Sunday, July 17, 2005

Summertime

Yesterday, I purchased and then read the new Harry Potter book. The entire thing, all 650 pages. I know, it wasn't a very original way to spend the day, since I probably had a couple million kids around the globe as company. But I really do enjoy the Harry Potter books, and burying myself in it took me pleasantly back to childhood summer days. The public library had a "summer reading club," in which children who read a certain number of books over the summer got a reward - I don't remember what, but this was the public library, so I assume it was something simple like participation in a modest party, or getting your name on a big gold star on the wall. Cousin Flora has read 15 books! There were rules to ensure that we read age-appropriate books, so a fourth-grader couldn't crank through Go Dog, Go! and Curious George just to nail a gold star within a week.

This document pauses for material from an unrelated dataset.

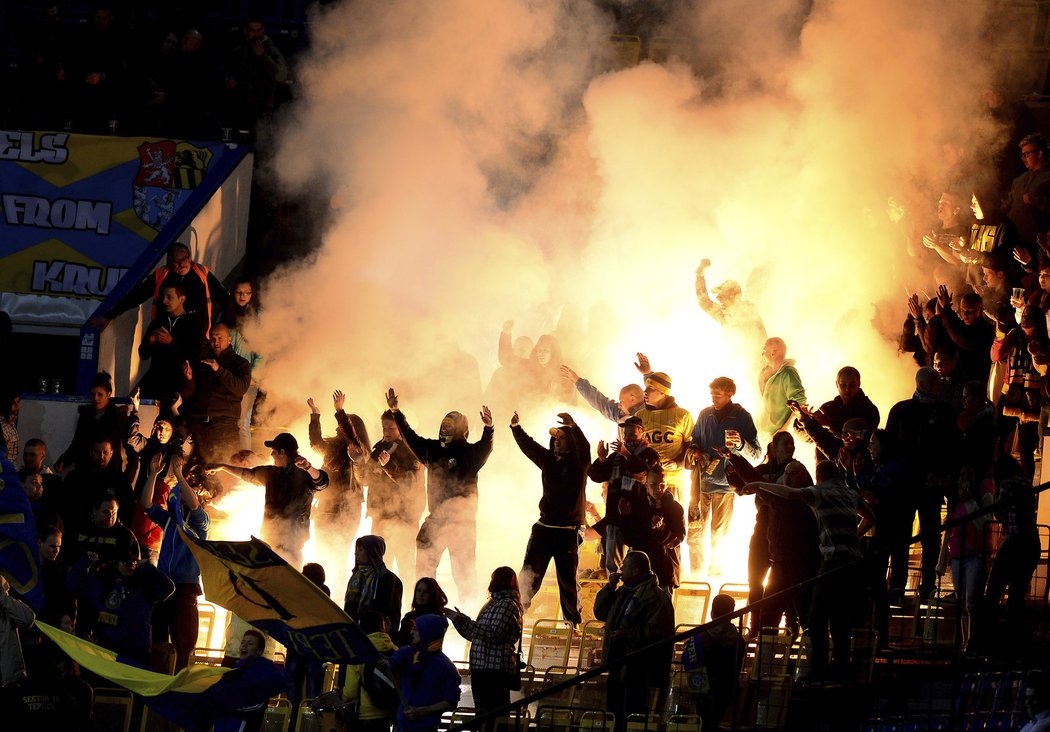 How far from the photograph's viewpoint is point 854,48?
1792cm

Of course I never did it for the party or the gold star, I just loved immersing myself in books. It's been said many times, but there's nothing quite like the joy of giving yourself over completely to a really compelling book. Many summers, I would evolve a theme, not by design but organically, as something caught my interest and took hold of my curiosity. I can certainly remember going through more than one magic phase, starting with Mrs. Pigglewiggle and later progressing through all of the Oz books, the Chronicles of Narnia and the Half Magic series by Edward Eager. I remember a girl-power theme, with all the Pippi Longstocking and Harriet the Spy books. Of course there were mysteries, including the adventures of Nancy Drew and her plucky friends Bess and George. Long after I outgrew the Summer Book Club, my summer reading themes included French swashbucklers (Count of Monte Cristo, Three Musketeers, Les Miserables), Russian tragedies (Crime and Punishment, Anna Karenina, The Brothers Karamozov, Doctor Zhivago), English gothic (Wuthering Heights, Jane Eyre, The Turn of the Screw, Rebecca), and then a curiously voracious addiction to biographies, with subjects as diverse as Marguerite de Navarre to Agatha Christie to Vivien Leigh.

So, curling up with Harry Potter for the day felt very familiar and comforting. It made me think of climbing the squeaky wooden stairs in the old public library of my home town, which was squeezed into a huge old, eccentric converted house, with shelves towering clear to the tops of the high ceilings. That library was replaced with a new, spacious, glass-encased building by the time I hit high school, but yesterday, the smell of wood polish and must came back to me, clear as a bell, and made me smile.